When it comes to stay-at-home parents, I think of us as the dots in our personal kvetching orders. I'm certainly not comparing raising children to a tragic event. It's the opposite experience, but it is a physically and emotionally demanding one. Stay-at-home parents get little respite, so the parallels I'm drawing between traditional Ring Theory and life at home with kids are related to the dynamics of support and communication people in the center of the circles need, not necessarily the experiences that put them there.
According to the theory, stay-at-home parents should get the chance to vent about the hard parts of being home with kids, and our friends and family have to listen, especially the person in our closest ring, like our spouses or partners.
Our partners also have their own kvetching orders for their jobs. When we ask, "How was your day, dear?" We're signing up to hear about idiotic bosses, incompetent co-workers, grueling schedules, or boring meetings. The difference in our kvetching orders, though, is that I never get to hop into the center of my husband's rings because I never do his job, but he jumps into mine pretty regularly, and there in lies the rub.
After my husband has had a long day of his own and walks into chaos at home, he rightfully and occasionally gets frustrated with the kids' loud, whiny, or unruly behavior. It does take a lot for him to get to this state because he's a loving and calm man who is genuinely happy to come home to us, but he's human and carries the burden of supporting our family. Our kids are non-stop curious little creatures, and that isn't always a winning combination after he's had a stressful day at work.
When I hear the impatience creeping into his voice, I think about how I've had to keep calm for the last eight hours that I've been alone with the kids, and how I'd really love to pass the baton to him, the man in my closest circle, so that I can be the one to lose my cool and let off some steam. But the rules of Good Cop – Bad Cop require one of us keeps it together. When he's already reached his limit then I'm required to continue playing a comforting role, essentially erasing my dot and thus my shot at being supported.
Of course, this characterization isn't necessarily fair to my husband. The stressors of his day don't disappear when he opens the front door. He should feel at ease to express himself in his own home, and I'm the perfect person for him to talk to about the kids. Who better to understand the nuances of our family life than me? Yet I'm still miffed when my dot must move aside to make room for his when he re-enters the realm of active parenting (in which I'm perpetually immersed). After all, he already has his very own set of rings and I don't want to share mine.
Stay-at-home parents already share everything with our kids, all day, every day. Our time is not our own. It's devoted to the often mundane chores needed to keep the household running and to our children to keep them fed, clothed, bathed, safe, and stimulated. In return, our kids eat whatever food we'd prefer to enjoy, in peace, alone. They interrupt us no matter what task we're trying to complete. They watch us use the bathroom. I'd at least like to have exclusive rights to vent about all of this and I want to be an ineligible receiver when it comes to complaints about the kids.
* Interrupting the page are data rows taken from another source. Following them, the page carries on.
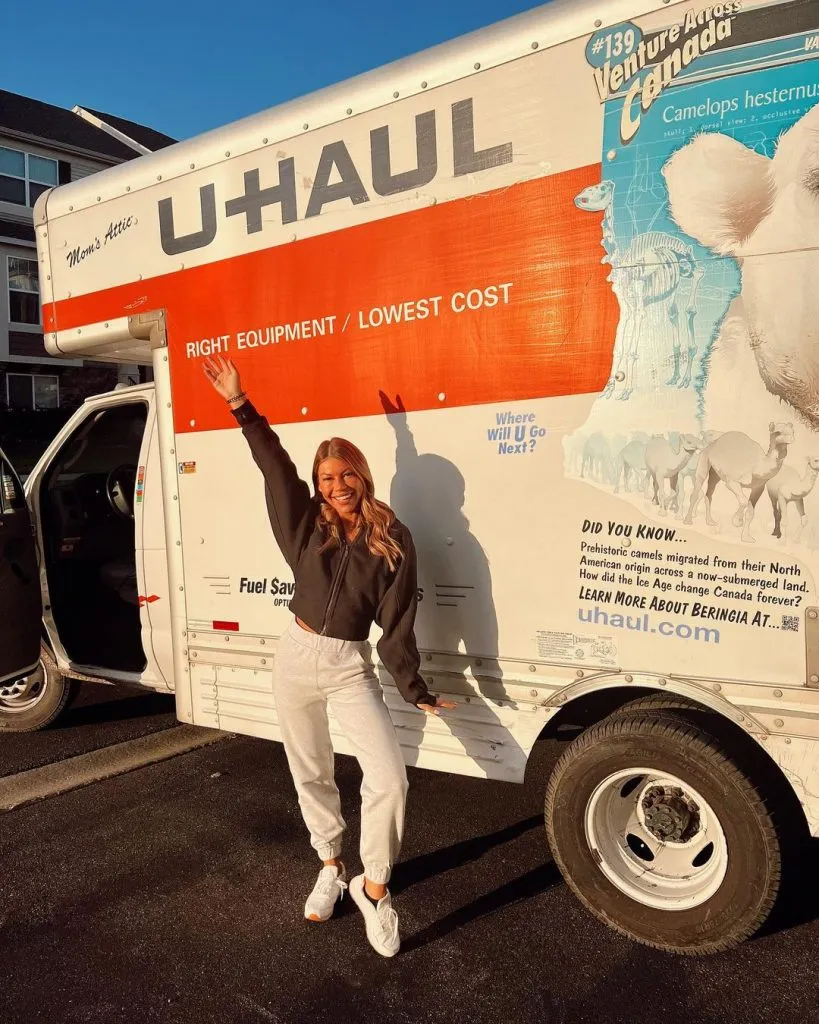 Roadtrip Outfit Ideas for Comfort and Style on the Go 4 Sunny and Serene in Soft White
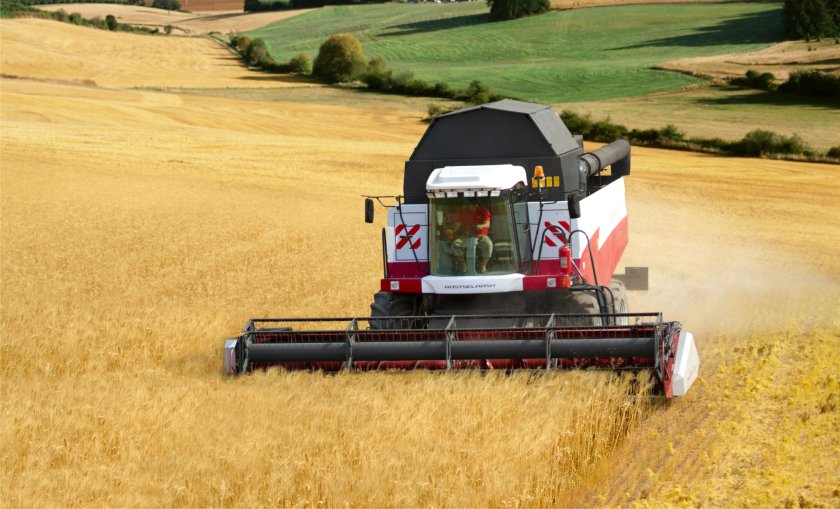 Комбайн Ростсельмаш Акрос 595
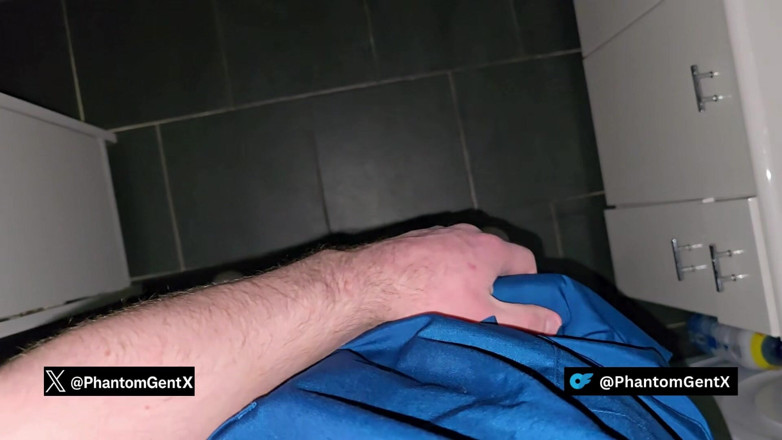 PhantomGentX: German Doctor Sneaks to Toilet and Jerks Out His Secret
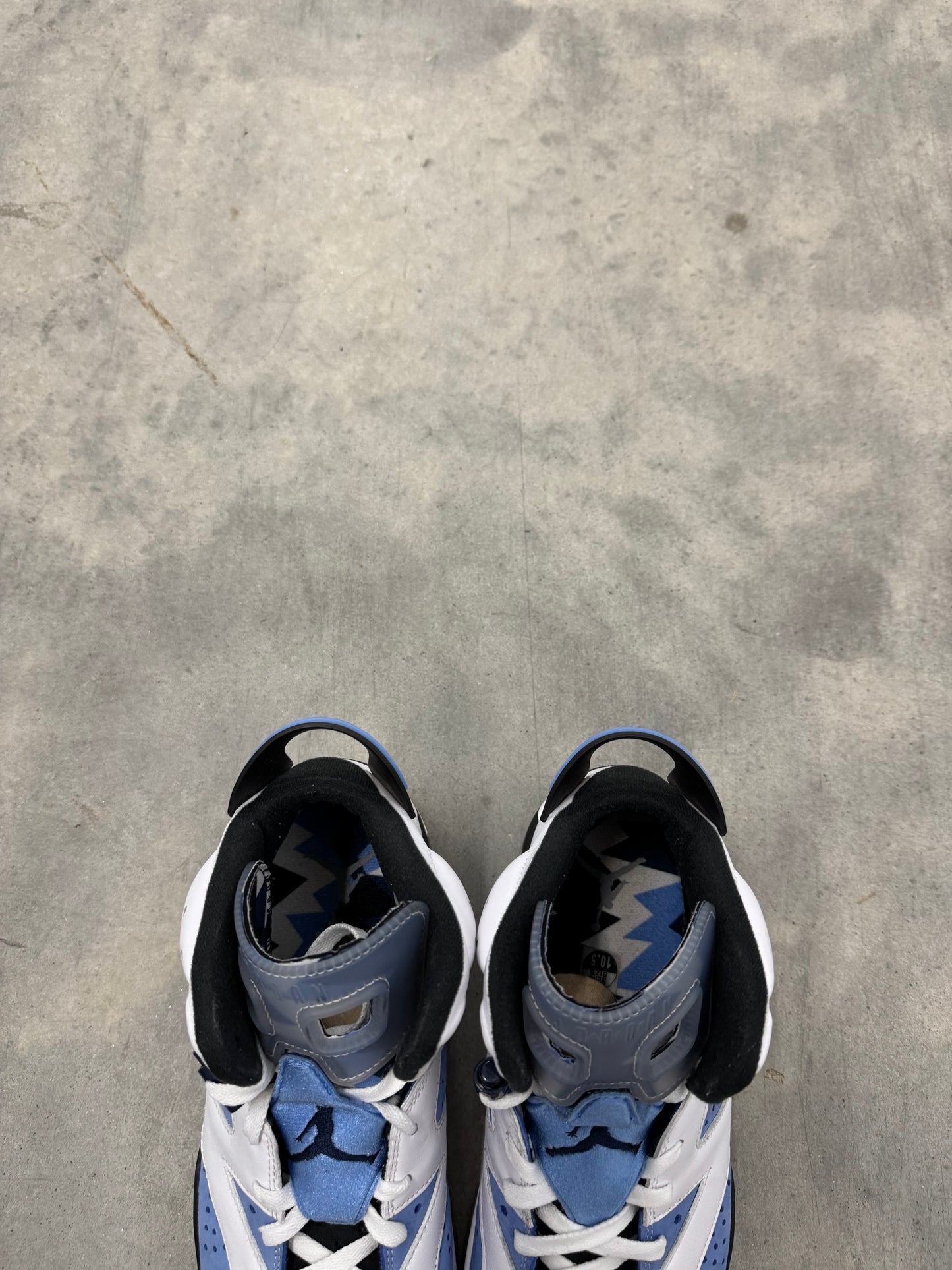 JORDAN 6 “ UNC home “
Imagine if the situation was reversed. Let's say my husband is a dishwasher in a restaurant, and I join him at the end of his shift. He's been steadily washing dishes for the last seven hours. I start doing it for twenty minutes and begin commenting on how the water is scalding my hands and that my back hurts from bending over. That would sound ridiculous, wouldn't it?
It's like venting to the widow. Sympathy is probably the last emotion he'd feel for me. Incredulity, frustration, and indignation would likely come first. This is how it feels as a stay-at-home parent when our partners walk in the door and make themselves at home in the center of our circles.
There's a really simple work-around to this, though, and it's all in the delivery.
If my husband says, "I can't take the kids' high pitched screaming anymore. It's getting on my nerves," my immediate reaction is one of defense. "Oh, please. Don't whine to me about that. Try listening to it all day."
On the other hand, if he says, "I give you credit for taking care of the kids all day. Their shrieks are really hard to handle," I will be so much more receptive to the complaint he's voicing. As if by magic, his "dumping" comment that fishes for a consoling response from me is transformed into a comforting comment that validates my experience – my job – and I'm more than willing to listen to him and commiserate. We both win, and he still has the opportunity to complain about the kids or (gasp) about me to other people in his personal set of rings.
I imagine this theory works for any couple dynamic, not just a single-income family, and I'd be curious to know how you see it playing out in different circumstances. After all, this isn't about us competing for who has the harder job. It's about recognizing our respective rings, honoring the role we play for each other within them, and acknowledging that everyone needs their turn in the center. I'm not a marriage counselor, but I'm quite certain that if every couple drew their own set of circles and remembered to "comfort in, dump out," we'd all do a lot less kvetching, particularly about each other.